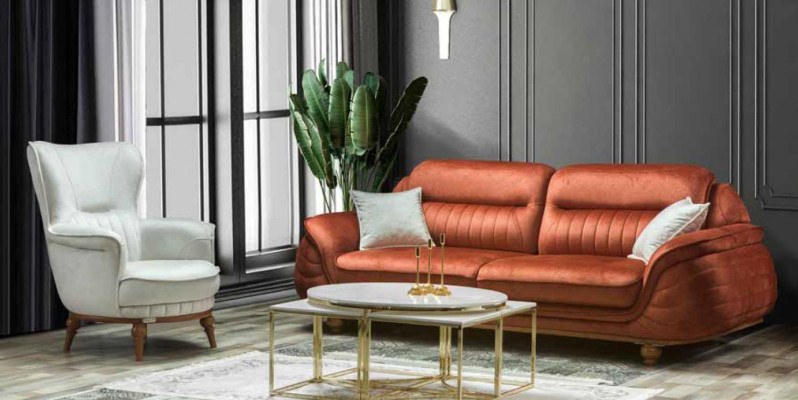 Fotel Luxury Design Włókienniczy Pokój dzienny Meble Lounge w stylu klasycznym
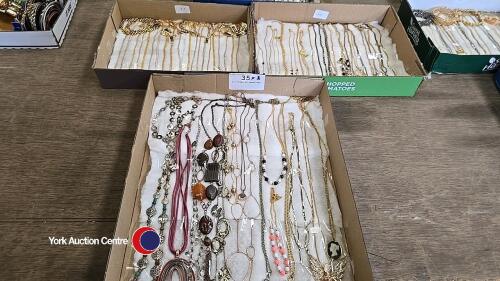 3 x trays of jewellery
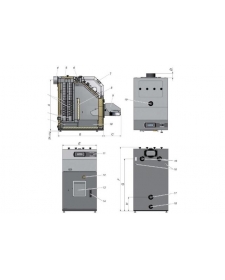 Granulinis katilas Nibe-Biawar Pellux 100 20kW 300L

_____

Task details. Transcribe all the lines above exactly; any image among them is skipped.

Your solution.
 Fotel Luxury Design Włókienniczy Pokój dzienny Meble Lounge w stylu klasycznym
 3 x trays of jewellery
 Granulinis katilas Nibe-Biawar Pellux 100 20kW 300L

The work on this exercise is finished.